■ **About this exercise**:
Once you reach the line with "Portemanteau et tabouret" in the material below, copy each line exactly up to and including the line with "Schutzhülle mit Magnetring", and skip the pictures.

■ **Given information**:
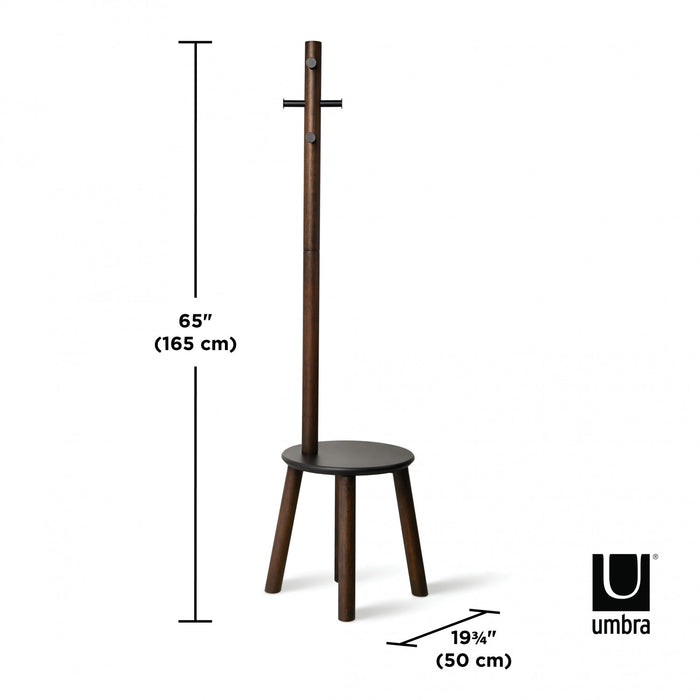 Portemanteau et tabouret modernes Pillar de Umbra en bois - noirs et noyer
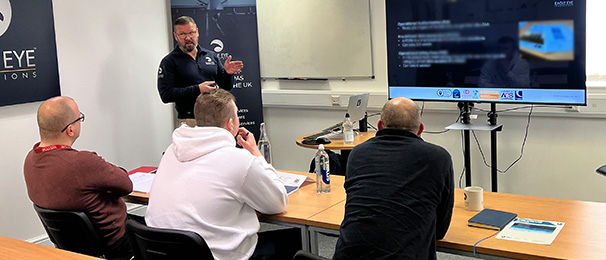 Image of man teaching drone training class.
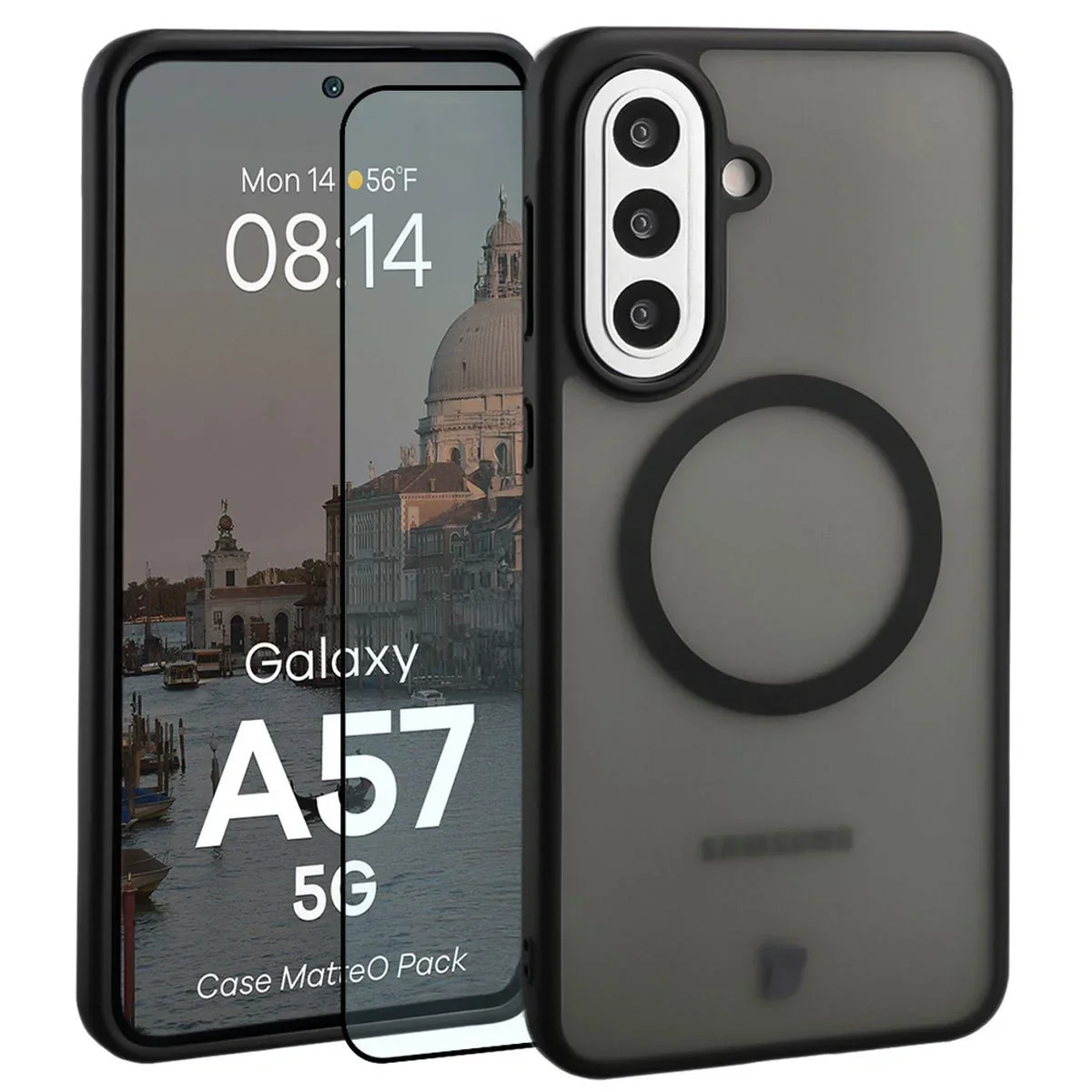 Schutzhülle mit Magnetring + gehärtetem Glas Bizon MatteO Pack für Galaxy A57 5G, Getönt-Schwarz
--
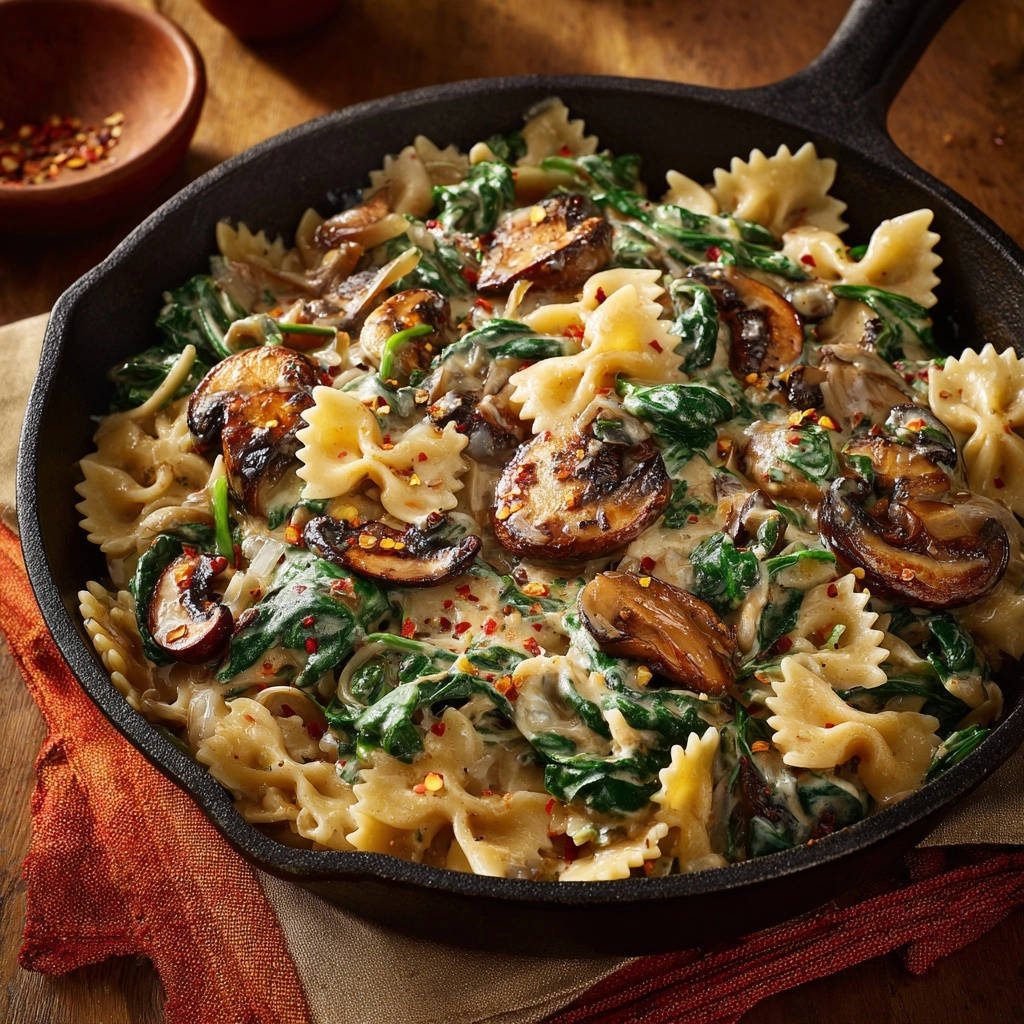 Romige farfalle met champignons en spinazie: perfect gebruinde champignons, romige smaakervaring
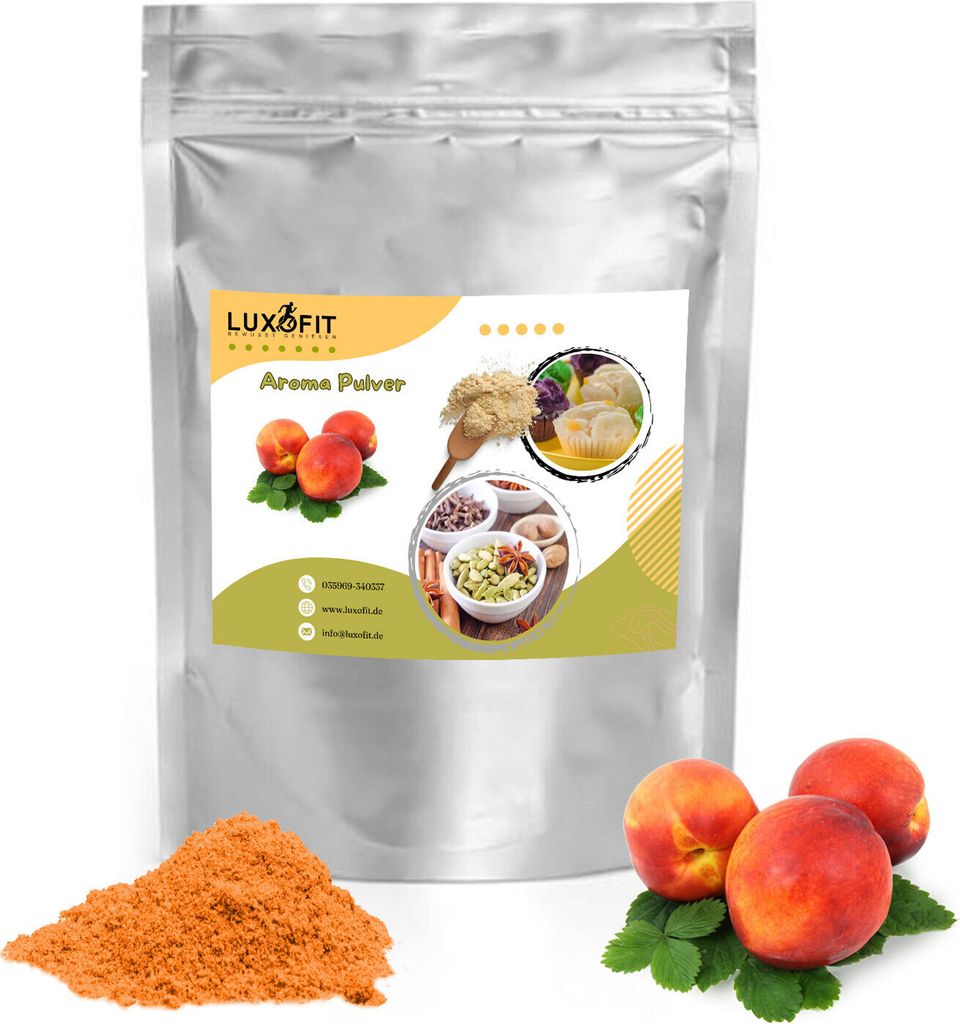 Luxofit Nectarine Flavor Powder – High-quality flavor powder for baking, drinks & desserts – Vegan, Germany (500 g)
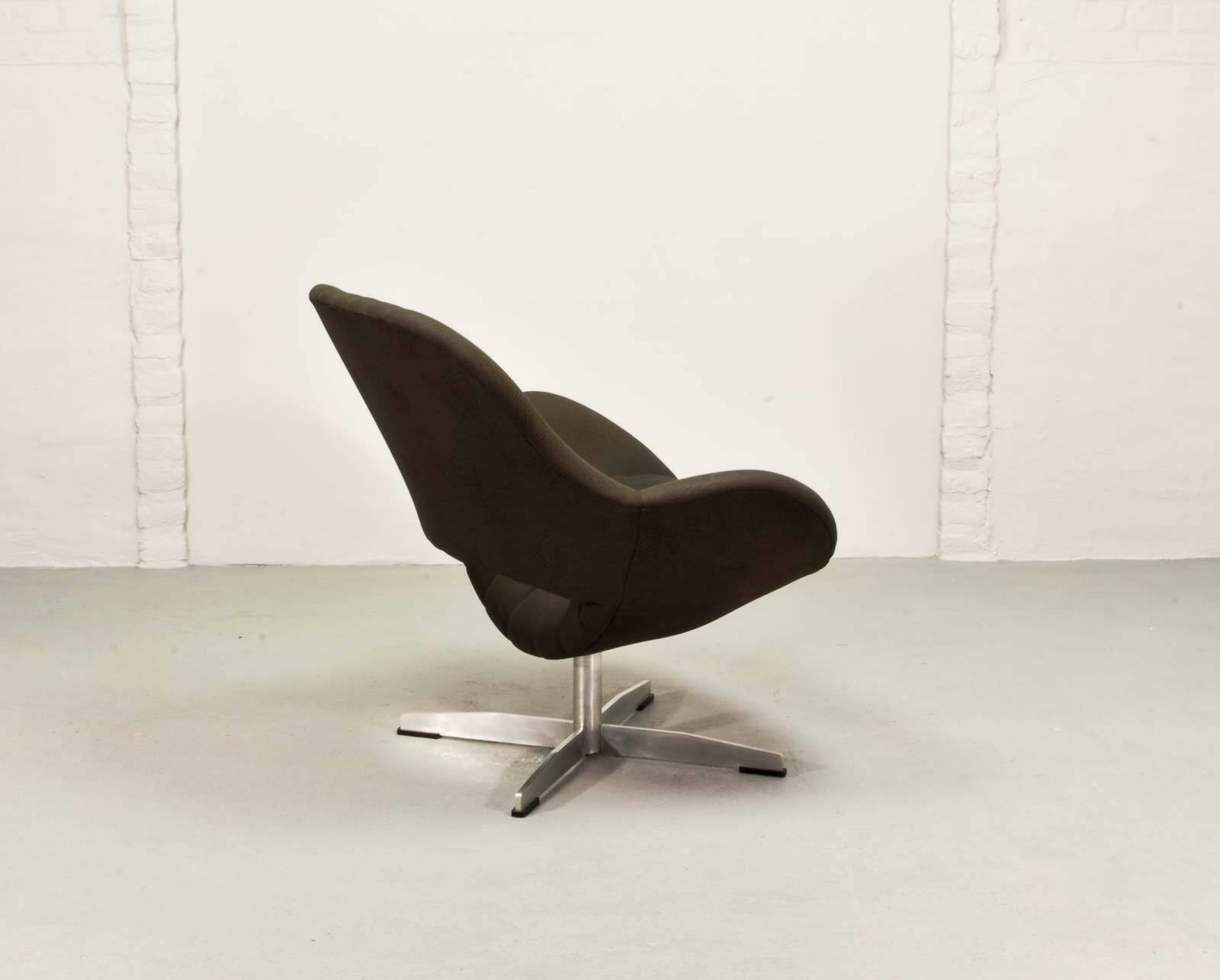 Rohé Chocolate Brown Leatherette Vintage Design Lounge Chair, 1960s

■ **Answer area**:
 Portemanteau et tabouret modernes Pillar de Umbra en bois - noirs et noyer
 Image of man teaching drone training class.
 Schutzhülle mit Magnetring + gehärtetem Glas Bizon MatteO Pack für Galaxy A57 5G, Getönt-Schwarz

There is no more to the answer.